*INPUT DATA*:
******

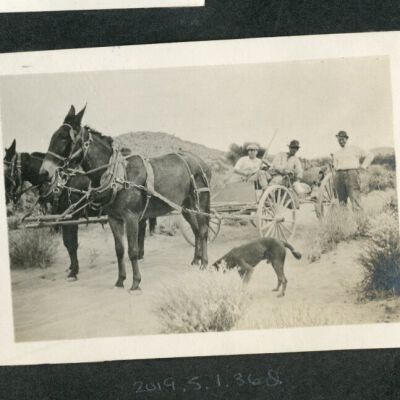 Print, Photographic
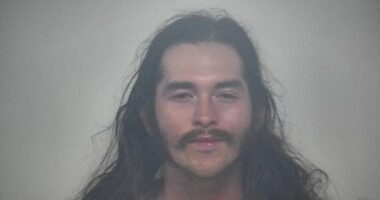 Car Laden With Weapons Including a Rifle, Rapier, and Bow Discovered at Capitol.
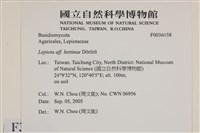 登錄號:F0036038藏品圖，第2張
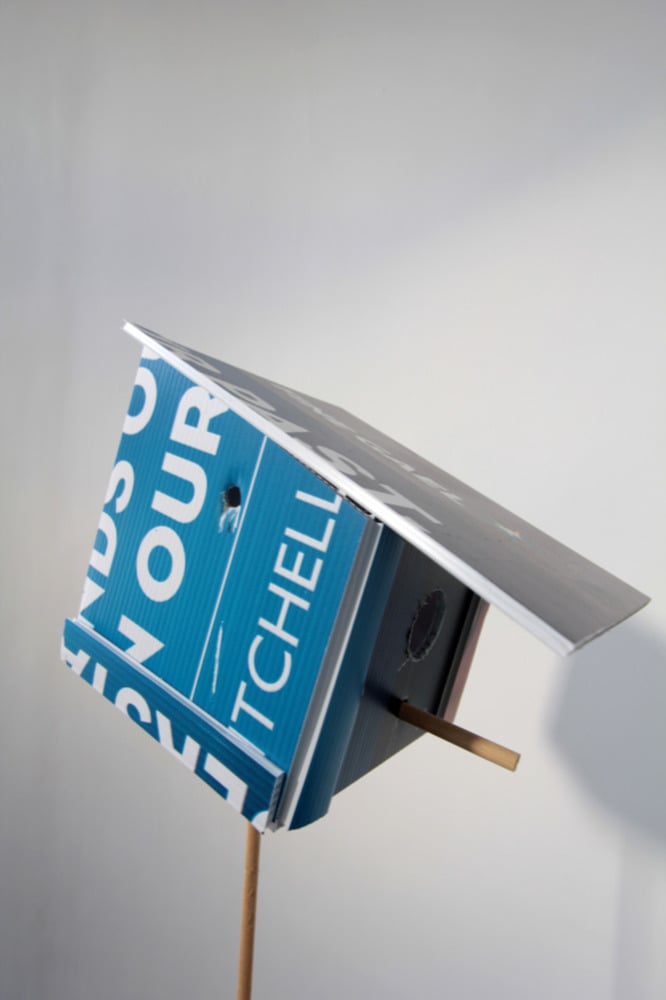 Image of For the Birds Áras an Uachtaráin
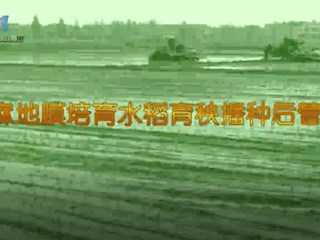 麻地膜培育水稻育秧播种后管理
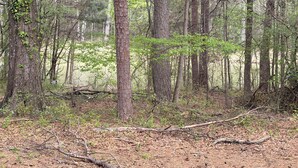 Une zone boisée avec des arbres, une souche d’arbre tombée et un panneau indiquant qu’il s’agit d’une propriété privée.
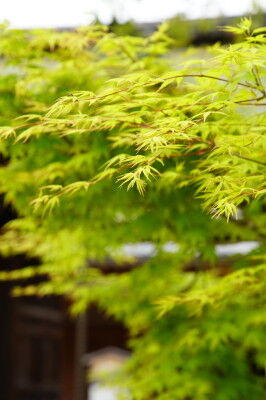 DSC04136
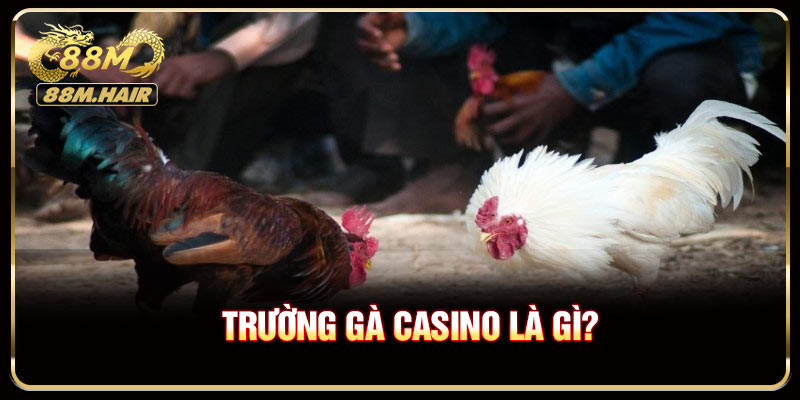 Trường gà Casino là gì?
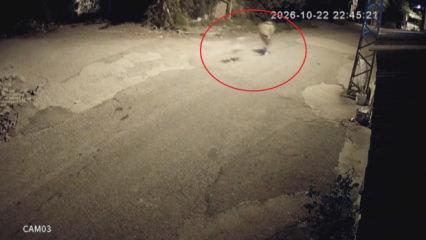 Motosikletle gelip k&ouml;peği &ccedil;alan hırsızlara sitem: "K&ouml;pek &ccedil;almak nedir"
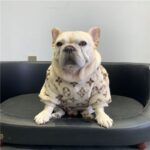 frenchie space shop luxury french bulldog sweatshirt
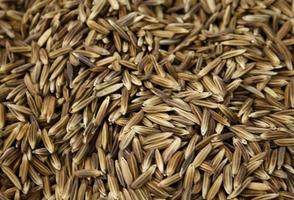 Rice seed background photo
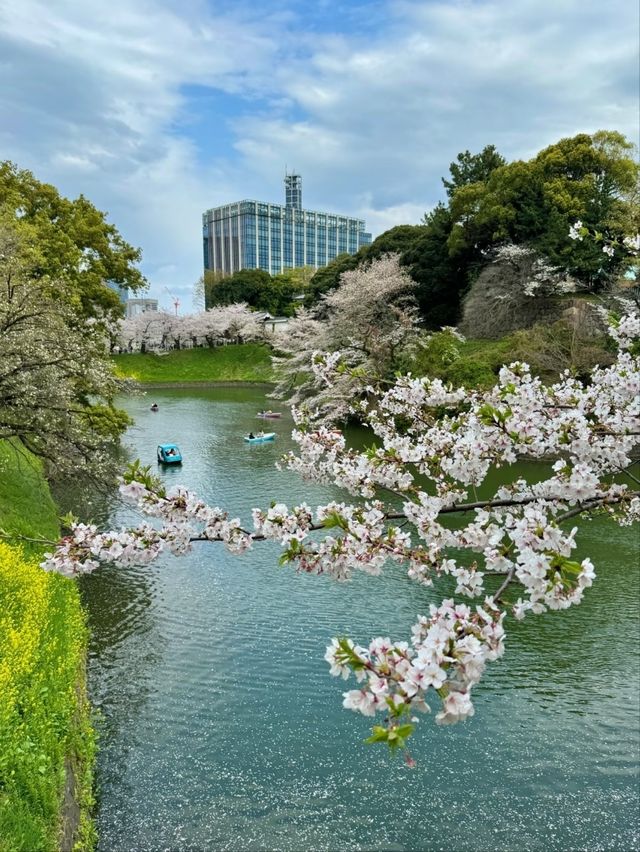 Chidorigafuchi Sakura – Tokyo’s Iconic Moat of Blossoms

******

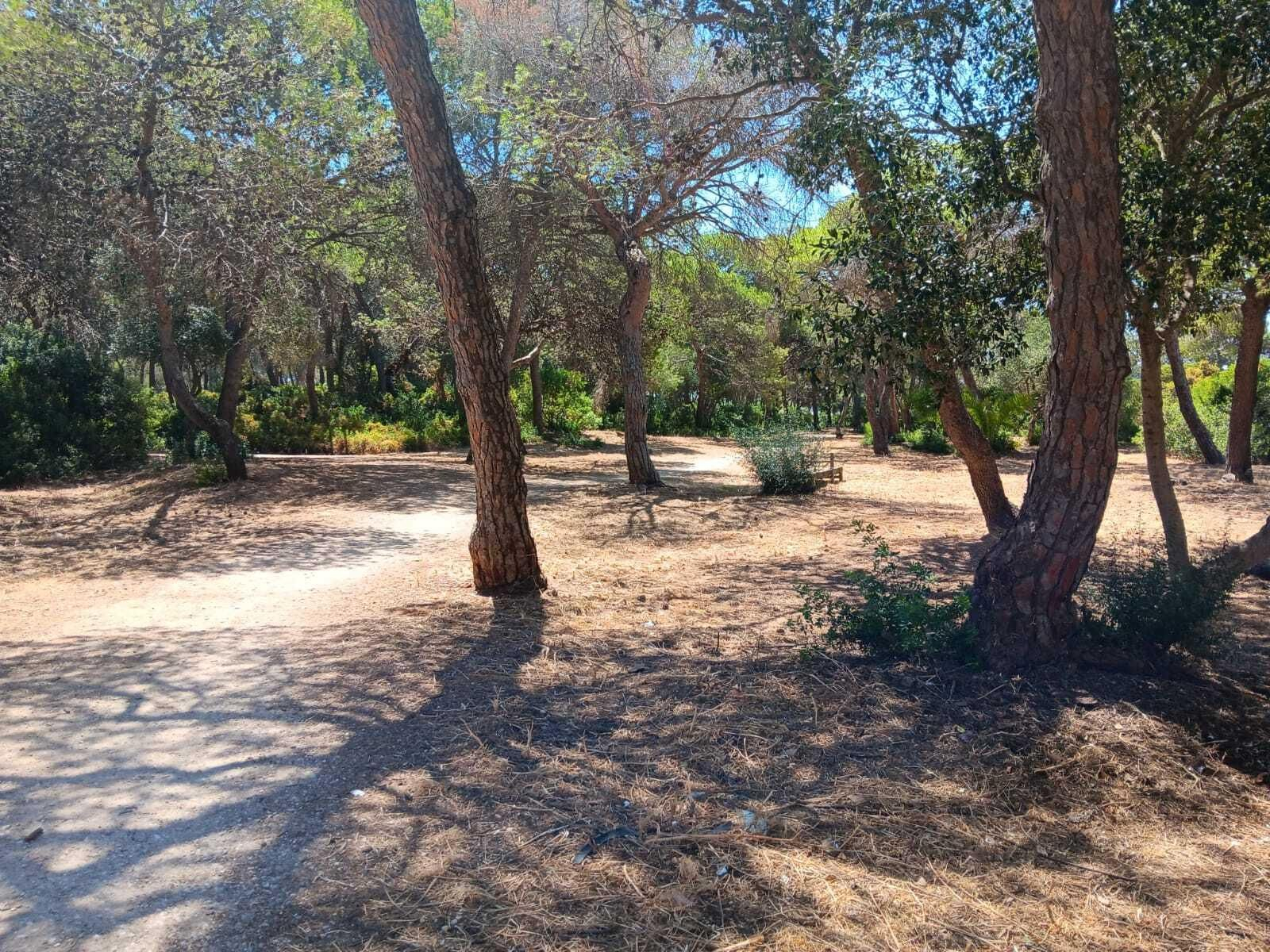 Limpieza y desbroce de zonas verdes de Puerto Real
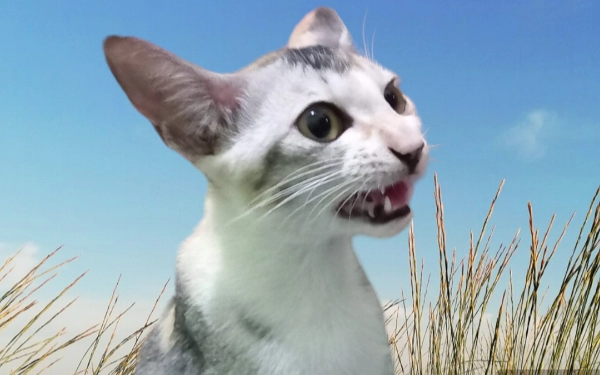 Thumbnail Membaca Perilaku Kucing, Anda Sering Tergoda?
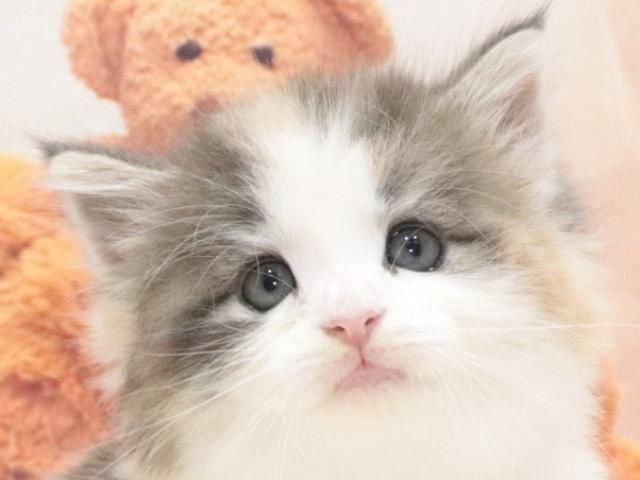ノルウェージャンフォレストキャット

******

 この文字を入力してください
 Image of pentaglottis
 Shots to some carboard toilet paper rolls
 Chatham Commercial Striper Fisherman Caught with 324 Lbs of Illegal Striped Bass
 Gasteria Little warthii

******

*AIM OF THE TASK*: The response must repeat exactly the lines above from the one with "Print, Photographic" through the one with "Trường gà Casino là gì?", including both, and must contain no pictures and no other text.

*ANSWER SECTION*:
 Print, Photographic
 Car Laden With Weapons Including a Rifle, Rapier, and Bow Discovered at Capitol.
 登錄號:F0036038藏品圖，第2張
 Image of For the Birds Áras an Uachtaráin
 麻地膜培育水稻育秧播种后管理
 Une zone boisée avec des arbres, une souche d’arbre tombée et un panneau indiquant qu’il s’agit d’une propriété privée.
 DSC04136
 Trường gà Casino là gì?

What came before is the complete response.